The paper develops a model in which there is a competition between erroneous and corrective literature in order to interrogate situations where self-correction of literature is likely to fail. The idea seems novel and a useful effort that could be expanded on in the future.
The paper highlights the lack of optimal self-correction in research and presents a model for understanding contributing factors. The reproducibility crisis is a serious problem in academia and thus the work is relevant.
The author does a good job of highlighting the causes of lack of self-correction in research.
Major comments:
A discussion on some specific examples of corrective literature, maybe a deep-dive into one published paper and how the result spread or was countered in the literature would help to both motivate the research and test the model.

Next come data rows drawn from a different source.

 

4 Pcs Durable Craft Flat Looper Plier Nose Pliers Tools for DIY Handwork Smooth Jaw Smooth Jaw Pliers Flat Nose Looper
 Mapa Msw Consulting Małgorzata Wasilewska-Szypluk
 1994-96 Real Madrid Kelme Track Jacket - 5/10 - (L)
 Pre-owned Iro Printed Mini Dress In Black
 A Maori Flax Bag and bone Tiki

A fuller discussion of how corrective attempts are made would be helpful and motivate the inclusion of ‘d’ as a linear term in the equation. How does one corrective attempt spur others? Would you anticipate the same ‘gold rush’ effect as for erroneous work, that one measure would lead to others? Does this term relate to things like negative news/social media coverage, sanctions against poor research, whistle-blowing?

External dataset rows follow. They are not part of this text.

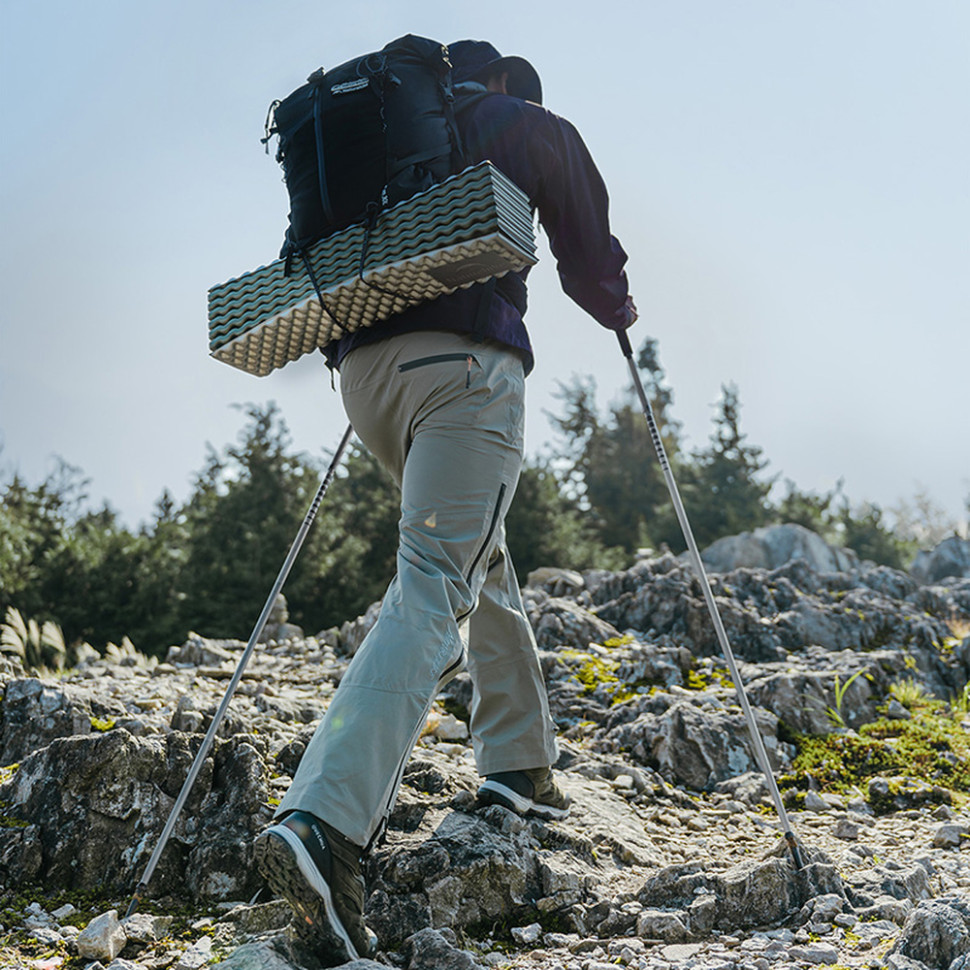 Трекінгова палиця Naturehike CNK2450DS016, 130 см, сіра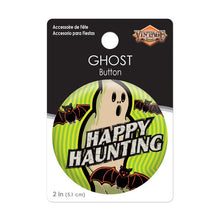 Load image into Gallery viewer, NEW! Vintage Style Beistle 2&quot; Halloween Ghost Button
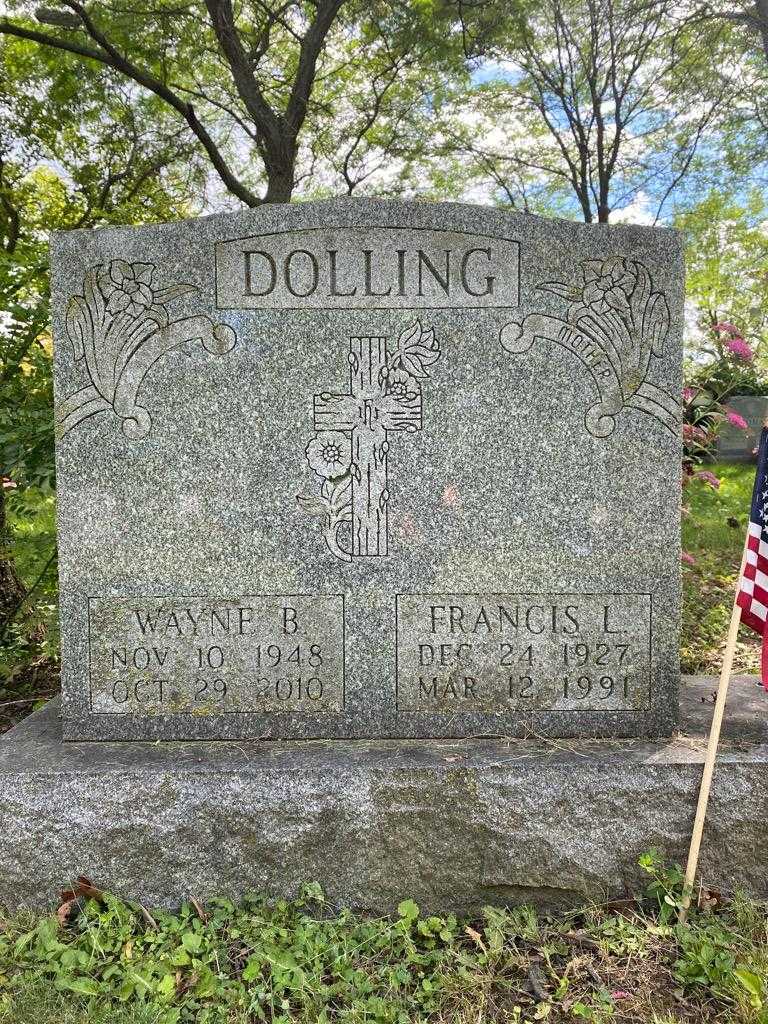 Wayne B. Dolling's grave. Photo 3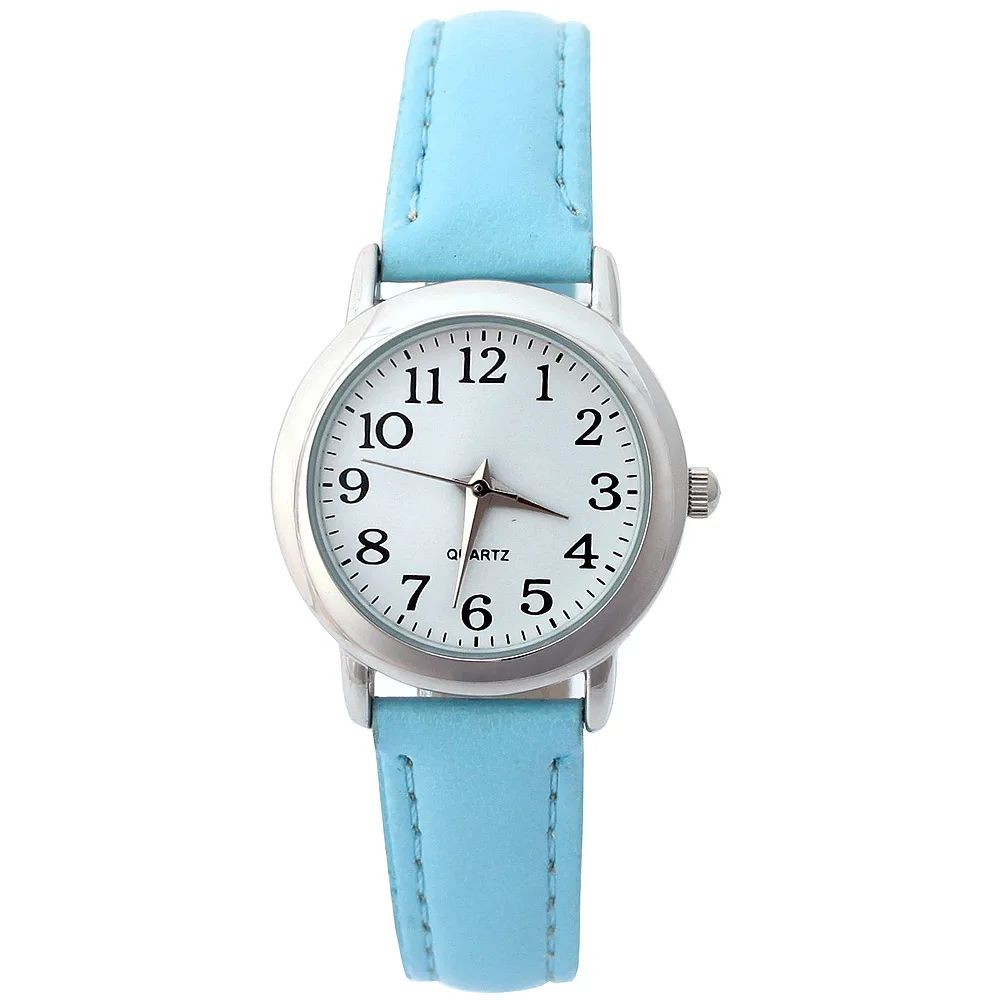 light blue Модные часы-браслет Montre Femme женские наручные кварцевые часы Relojes Mujer повседневные часы студенческие часы простые часы U12blue - Цвет: light blue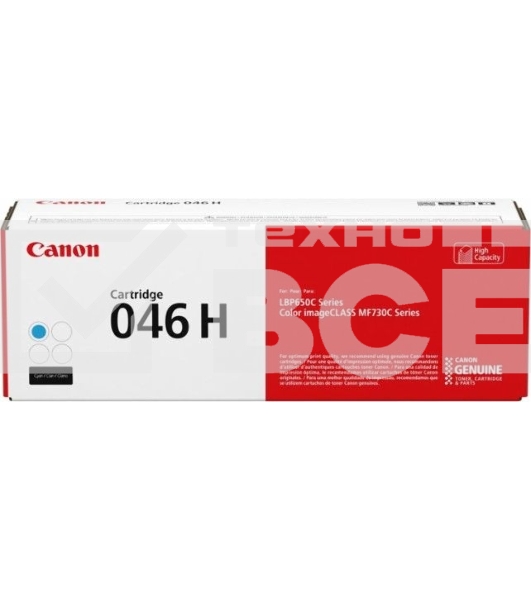 Картридж лазерный Canon 046C H голубой для i-SENSYS MF732/734/735, LBP653/654 5000 стр.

How would different assumptions about the kinetics of how spurious and corrective results interact (as modeled in the first system of equations presented) affect the conclusions of the paper? For example, I could imagine that an exponential relationship might be more appropriate in some cases. If there are multiple papers all claiming something spurious, I'd expect it would be harder to publish a rebuttal, but the impact of that one rebuttal would potentially be a lot higher if it debunks multiple papers rather than a single one. Similarly, if there were multiple corroborating debunking papers, that would also probably have an even bigger effect than the effect of either paper alone.

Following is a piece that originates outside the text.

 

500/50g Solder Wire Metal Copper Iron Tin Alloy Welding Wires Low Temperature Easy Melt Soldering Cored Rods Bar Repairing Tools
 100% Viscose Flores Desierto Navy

The discussion could benefit more from more concrete suggestions on how to remedy the situation as well as provide examples of what has worked, if any
Minor comments:
In Figure 1, I'm puzzled here by the fact that the publishing delay seems to change the # of publications, but not the overall fraction of spurious vs reliable at most time points. Intuitively I struggle to understand this. I would expect that with no corrective delay, many more papers would be published quickly (which seems to be the case) but that the reliable ones would more quickly overtake the spurious ones
“The time taken for corrective work to begin is a perhaps surprising factor suggested by this investigation.” - Interesting point that could be discussed in the context of 1. delays in publishing retractions 2. the continued citation of retracted works after retraction (https://doi.org/10.1080/08989621.2021.1886933) 3. lack of clear labelling of some retracted works on publisher websites, or downstream services. It's not sufficient simply to identify a work as misleading, you need to let the community know.
Suggestions for future studies
It would be interesting to model other technological interventions with this approach, such as retraction notices being displayed inline in bibliographies etc.
Competing interests
The author declares that they have no competing interests.